174 Views Asked by At

Likelihood = $L(\textbf{w}) = P(V\mid \textbf{w})$.

$$\ln P(V\mid \textbf{w}) = \ln \sum_H P(H,V\mid \textbf{w})$$ $$= \ln \sum_H Q(H\mid V)\frac{P(H,V\mid \textbf{w})}{Q(H\mid V)}$$ $$\geq \ell(Q,\textbf{w}) = \sum_H Q(H,V)\ln\frac{P(H,V\mid \textbf{w})}{Q(H\mid V)},$$by Jensen's inequality.

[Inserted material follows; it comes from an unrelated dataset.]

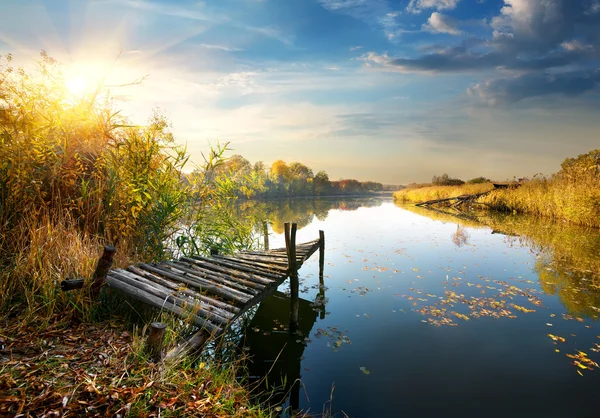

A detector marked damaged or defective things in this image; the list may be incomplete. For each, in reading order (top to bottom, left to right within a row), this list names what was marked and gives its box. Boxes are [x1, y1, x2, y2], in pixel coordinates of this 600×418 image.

broken wooden dock [61, 222, 324, 360]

So far so good. What I don't see is that the difference between the true log likelihood $\ln P(V\mid \textbf{w})$ and $\ell(Q,\textbf{w})$ is the KL divergence: $$KL(Q\|P) = -\sum_H Q(H\mid V)\frac{\ln P(H\mid V,\textbf{w})}{Q(H\mid V)} .$$

In other words, why does: $\ln P(V\mid \textbf{w}) - \ell(Q,\textbf{w}) = KL(Q\|P).$

Reference: this PDF file. (page 2, equations 3-5)

1

There are 1 best solutions below

0
On BEST ANSWER

We know $$P(H\mid V,\textbf{w})=\frac{P(H, V \mid\textbf{w})}{P(V \mid \textbf{w})}$$

Then

$$-{\rm KL}(Q\|P) = \sum_H Q(H\mid V)\ln\frac{ P(H\mid V,\textbf{w})}{Q(H\mid V)} =\\ =\sum_H Q(H\mid V)\left( \ln \frac{ P(H ,V\mid\textbf{w})}{Q(H\mid V)} - \ln P(V \mid \textbf{w}) \right)=\\ = \ell(Q,\textbf{w}) - \ln P(V \mid \textbf{w}) \sum_H Q(H\mid V) $$

Then we need $ \sum_H Q(H\mid V)=1$ to hold; which is true if $Q(H\mid V)$ is assumed to be the probability distribution for some variable $H$.